Auf fiskalpolitischer Ebene zeigen diese Ergebnisse beispielsweise, dass die Schweiz keinen Grund hat, Erbschaften und Schenkungen zu besteuern. Die vorläufigen Ergebnisse wurden im September 2024 veröffentlicht. Die nun veröffentlichte Version wurde von Fachkollegen begutachtet und methodische Verbesserungen vorgenommen.

Die Autoren befassen sich auch mit elf Merkmalen des familiären Umfelds (Einkommen, Ausbildungsniveau, Herkunft, Familiengröße, berufliche Situation, Muttersprache, Wohnort und Sprachregion). Zusammengenommen erklären diese Faktoren weniger als 12% des gemessenen familiären Einflusses. Es zeigt sich, dass der gemessene familiäre Einfluss weiterhin gering ist, egal ob man Einkommen zu verschiedenen Phasen des Erwerbslebens betrachtet, die niedrigsten Einkommen ausschließt oder Geschwister getrennt analysiert, so das IWP.

Politisch gesehen setzen sich linke Kreise ganz oben auf ihre Prioritätenliste, die Bekämpfung der Ungleichheiten, und schlagen vor, höhere Steuern für „hohe Einkommen“ zu erheben, während liberale Kreise es bevorzugen, sich auf die Reduzierung der Armut zu konzentrieren. Für sie hat individuelle Freiheit Vorrang vor Gleichheit, weil sie dazu beiträgt, den Wohlstand aller zu erhöhen.

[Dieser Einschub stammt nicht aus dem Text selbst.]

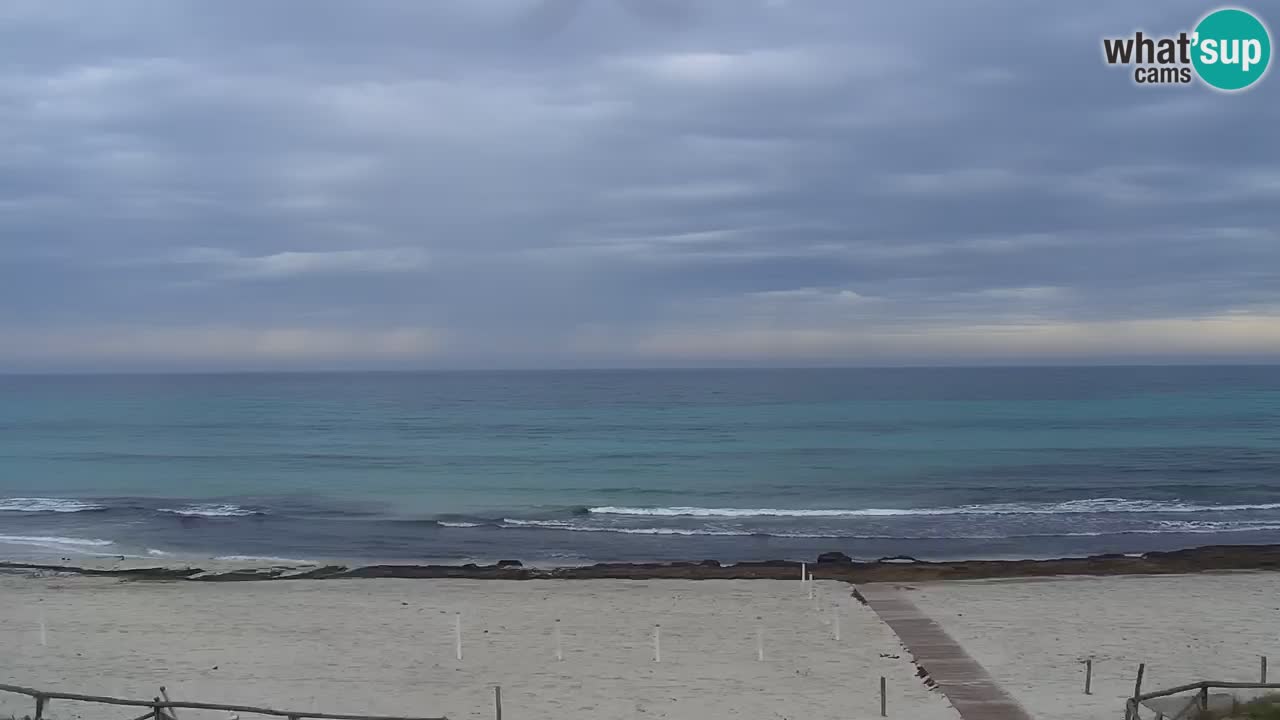 Plage de L’Isuledda – San Teodoro (OT) – Sardaigne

Aber mit dem zunehmenden Einfluss, auch in der Ideenwelt, verdienen andere Denkschulen Beachtung, die sich aus den Schriften des französischen Philosophen René Girard speisen (siehe René Girard-Biographie von Benoît Chantre, Grasset, 2023, 1152 Seiten). Sein Gedankengut breitet sich sehr schnell in den Vereinigten Staaten aus, insbesondere innerhalb der Big Tech. Übrigens hat Peter Thiel René Girard sehr genau analysiert (siehe Die Zeit des Zentauren, von Julien Rochedy, Ed. Hétairie, 2026).

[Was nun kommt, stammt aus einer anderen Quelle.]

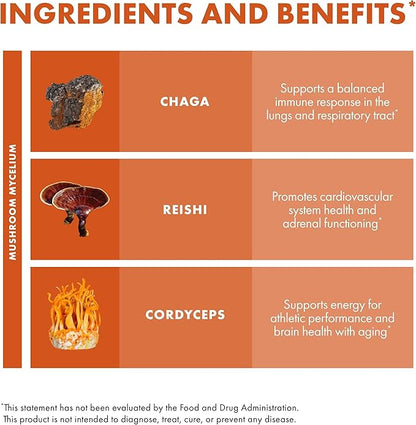 Host Defense Breathe* Capsules - Immune & Respiratory Support Mushroom Supplement - Herbal Lung Health Supplement with Chaga, Reishi & Cordyceps - 60 Capsules (30 Servings)*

René Girard wurde berühmt durch seine Mimese-Theorie. Nach dieser Theorie begehrt das Individuum in erster Linie das, was andere begehren. Folglich entsteht Gewalt in einer Gesellschaft nicht durch Unterschiedlichkeit, sondern durch „die übermäßige Ähnlichkeit, die Rivalität zwischen Individuen oder Gruppen, die in ihren Begierden austauschbar geworden sind“. Der Gleichheitsgedanke wäre daher eine Quelle von Gewalt. Wie Rochedy zusammenfasst: „Je stärker sich die Menschen ähneln, desto mehr können sie sich vergleichen, desto mehr können sie sich hassen.“ Gleichheit kann also kein Ziel sein, da sie „die Gelegenheiten zur Rivalität, also zur Gewalt, vervielfachen“ könnte. Letztere wird dann gegen ein Opfer kanalisiert, den „Sündenbock“. Welche seiner Theorien wird sich in den kommenden Jahren durchsetzen?